Now that a direct Easyjet flight from Bristol goes to Montpellier twice a week, the French are keen to bring its attractions and similarities, which they feel sure visitors will enjoy, to the attention of West Country visitors who will benefit from the new link.

First there is the charm of the city’s historic quarter, where classic French five storey buildings are separated by wide boulevards complete with tracks for the Tramway which criss-crosses the city, and enchanting series of small winding, sometimes cobbled, side streets which are packed with shops, cafes, private homes and the occasional surprise.

Many city centre shops and restaurants, like the Maison de la Lozere, where I dined on delicious food and regional speciality aligote, feature vaults which are all that remain of the historic Middle Ages buildings, which make lovely cool refuges from the heat of the day and bustle of the city centre.

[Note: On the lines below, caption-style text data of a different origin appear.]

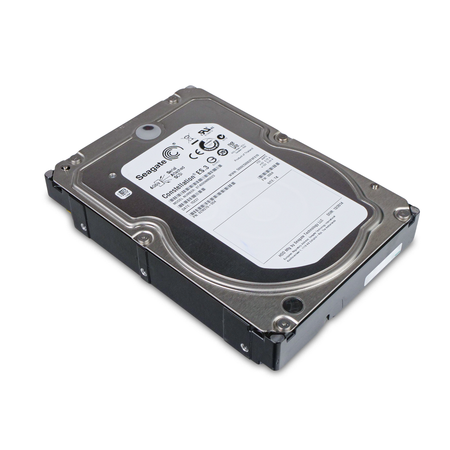 Seagate Constellation ES.3 ST4000NM0023 4TB 7.2K RPM SAS 6Gb/s 512e 128MB 3.5" HDD, 8 of 8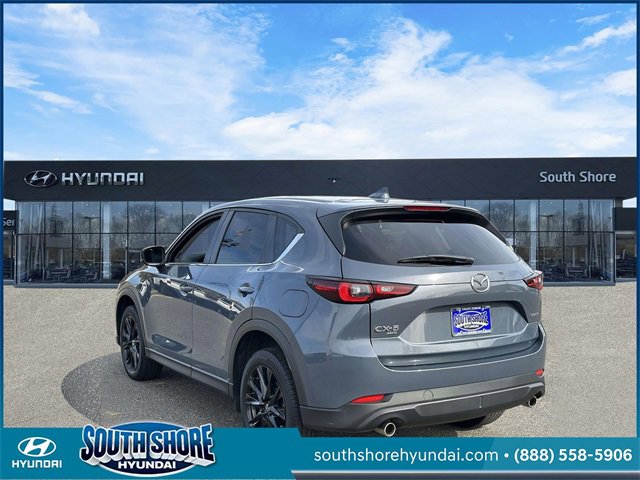 Used 2023 MAZDA CX-5 Carbon Edition image 8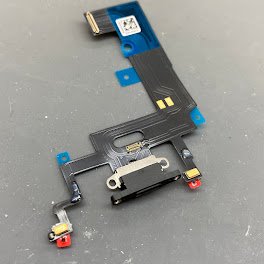 iPhoneXR ライトニング交換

For this is truly in the South of France – even in late May typical temperatures reach 30 degrees and by the height of summer I can image the French siesta in the afternoon is more than essential.

Down another side street I stopped for lunch at La Maison D'Anna, where Italian food dished up by a welcoming Italian host made a change from gourmet cuisine Francais. A plateful of antipasti and the most delicious ravioli a la limon I have ever tasted set me up for an afternoon's sightseeing.

Montpellier is full of places to stay. The Ibis Style room I occupied was only a minute away from the central Place de La Comedie, but the hotel itself was quiet and transquil, with friendly welcoming staff and decor echoing the building's former use as a theatre. The tourist office at https://www.montpellier-france.com/ is the best place to start for ideas about hotels of all sizes, price ranges and styles.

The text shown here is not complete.